A 2D array is an array of 1D arrays. Each row in a 2D array is a (reference to a) 1D array. Rows in a 2D array can be swapped using the same technique as swapping elements in a 1D array. It is not necessary to traverse the elements within the rows to be swapped.

colSwap method

public static void colSwap(int[][] mat, int colAIndex, int colBIndex)
{
    for(int r = 0; r < mat.length; r++)
    {
        int temp = mat[r][colAIndex];
        mat[r][colAIndex] = mat[r][colBIndex];
        mat[r][colBIndex] = temp;
    }
}

Swapping the elements in 2 columns of a 2D array does require traversing the columns. Traversing a column in a 2D array requires varying the row index. Both columns to be swapped are traversed in the same loop.
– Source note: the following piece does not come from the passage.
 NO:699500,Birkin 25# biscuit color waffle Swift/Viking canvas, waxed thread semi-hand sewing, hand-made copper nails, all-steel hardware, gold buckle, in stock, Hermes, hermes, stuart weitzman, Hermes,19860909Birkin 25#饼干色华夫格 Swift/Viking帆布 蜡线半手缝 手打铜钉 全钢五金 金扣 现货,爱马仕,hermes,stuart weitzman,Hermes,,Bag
Each pair of elements is swapped using a standard swap algorithm.

fillRowMajor method

public static String[][] fillRowMajor(String str, int rows, int cols)
{
    String[][] mat = new String[rows][cols];
    
    int sIndex = 0;
    for(int r = 0; r < mat.length; r++)
    {
        for(int c = 0; c < mat[r].length; c++)
        {
            if(sIndex < str.length())
            {
                mat[r][c] = str.substring(sIndex, sIndex + 1);
                sIndex++;
            }
        }
    }
    
    return mat;
}

Filling a 2D array from a 1D data structure (String, 1D array, ArrayList) is common on the AP CS A Exam. My preference is to use loops to traverse the 2D data structure and to maintain an index for the 1D data structure. I prefer this because a 2D data structure is more difficult to traverse than a 1D data structure and the loops make it easy.

sIndex must be checked for validity since the length of str is not guaranteed to be the same as rows * cols.
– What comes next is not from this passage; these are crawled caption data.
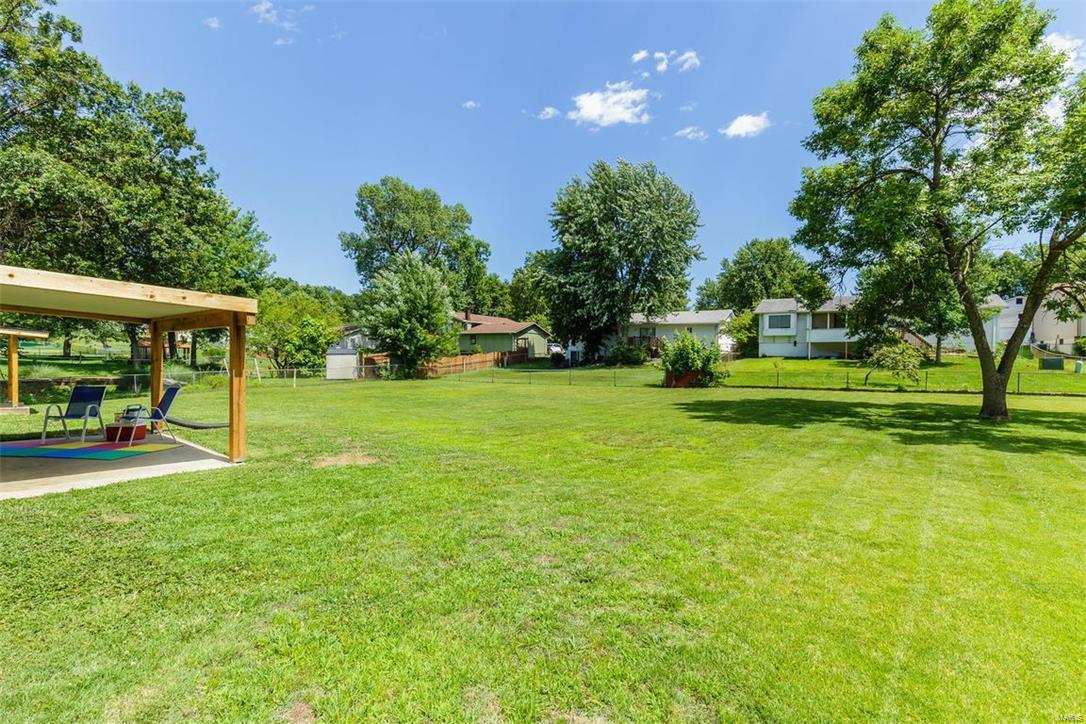 Country Hill Manor - Residential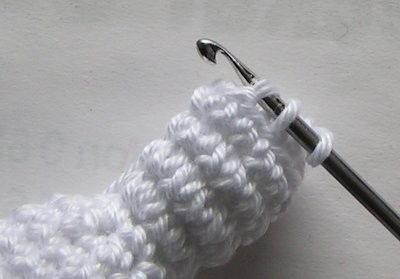 Blog-Inhaltsbild für 'Häkelanleitung Maneki neko Winkekatze gratis'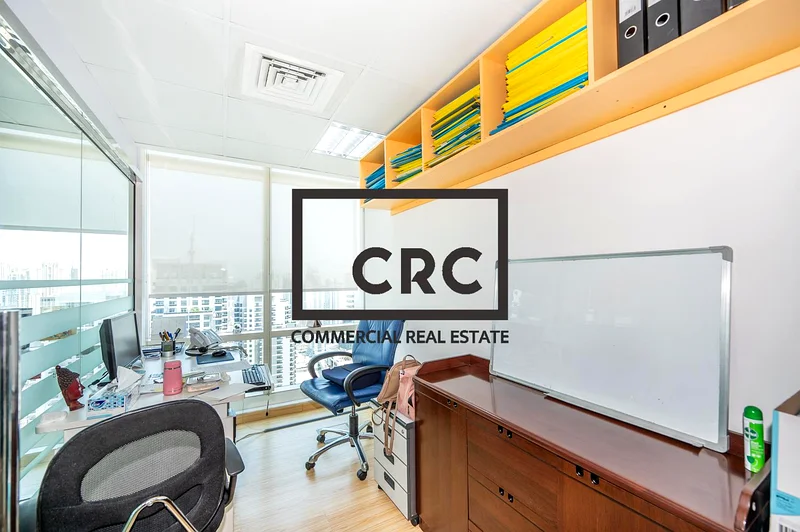 مجهز بالكامل وفارغ | طابق عالي | ترخيص DMCC63827509373569110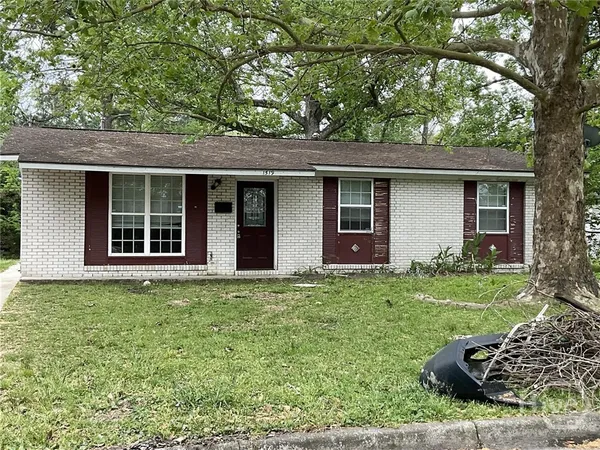 $1,700 | 1519 East 31st Street, Savannah, GA 31404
Writing this method using the opposite technique (a loop through the 1D data structure and indexes for the 2D data structure) is also a good exercise.

fillColumnMajor method

public static int[][] fillColumnMajor(int[] vals, int rows, int cols)
{
    int[][] mat = new int[rows][cols];
    
    int vIndex = 0;
    for(int c = 0; c < mat[0].length; c++)
    {
        for(int r = 0; r < mat.length; r++)
        {
            mat[r][c] = vals[vIndex];
            vIndex++;
        }
    }
    
    return mat;
}

Filling a 2D array in column-major order is the same as filling it in row-major order except the loops are reversed.
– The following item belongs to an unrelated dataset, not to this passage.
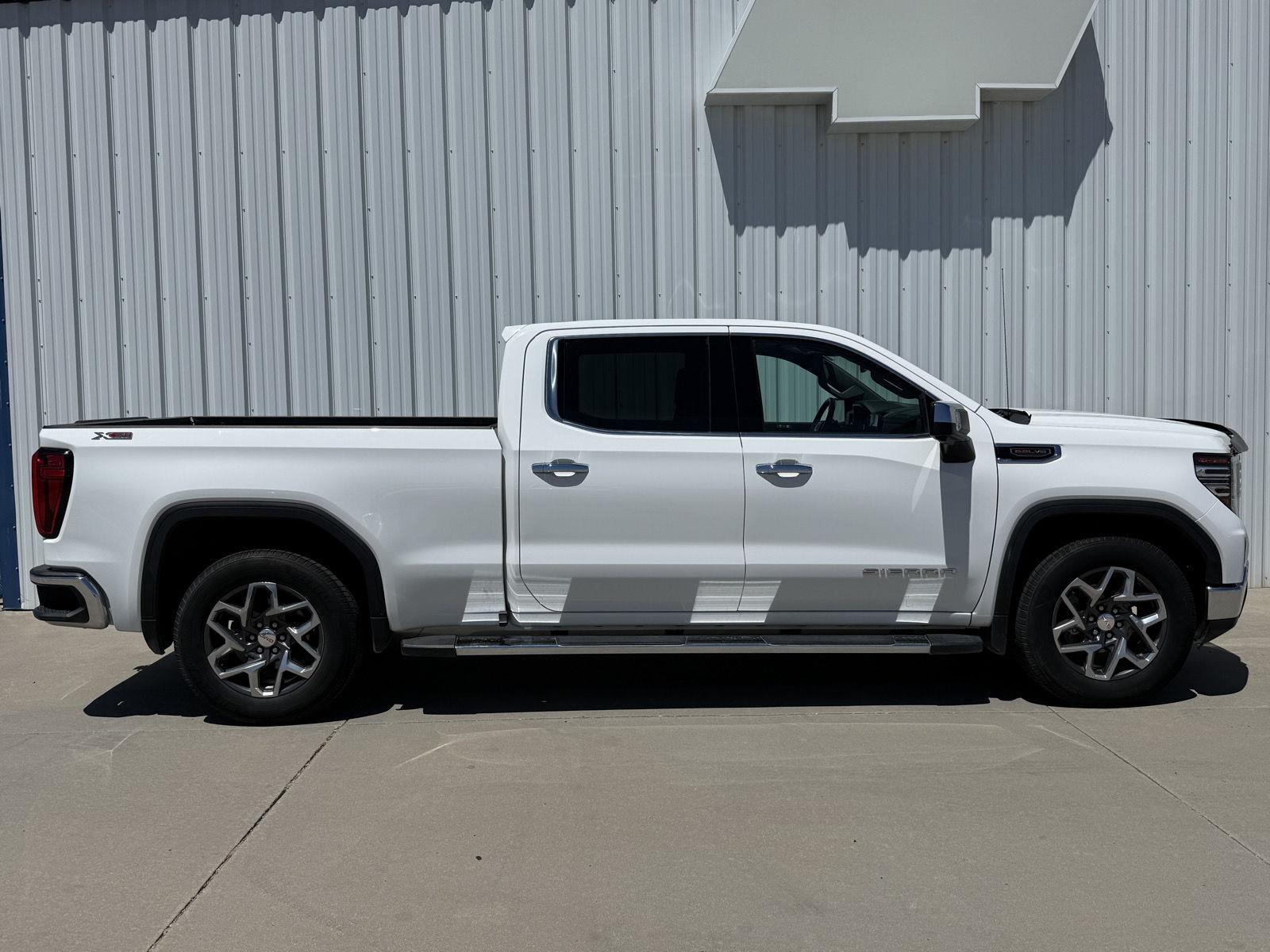 2023 GMC Sierra 1500 SLT - Photo 4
The precondition means it isn’t necessary to check vIndex for validity.

fillDownUp method

public static int[][] fillDownUp(int[] vals, int rows, int cols)
{
    int[][] mat = new int[rows][cols];
    
    int vIndex = 0;
    
    for(int c = 0; c < mat[0].length; c++)
    {
        for(int r = 0; r < mat.length; r++)
        {
            if(c % 2 == 0)
                mat[r][c] = vals[vIndex];
            else
                mat[mat.length - 1 - r][c] = vals[vIndex];
            
            vIndex++;
        }
    }
    
    return mat;
}

Filling a 2D array in an unusual order has been featured on the AP CS A Exam. This solution uses the same loops as a standard column-major traversal but checks if the column index is even. Even indexed columns are filled from top to bottom. Odd indexed columns are filled from bottom to top.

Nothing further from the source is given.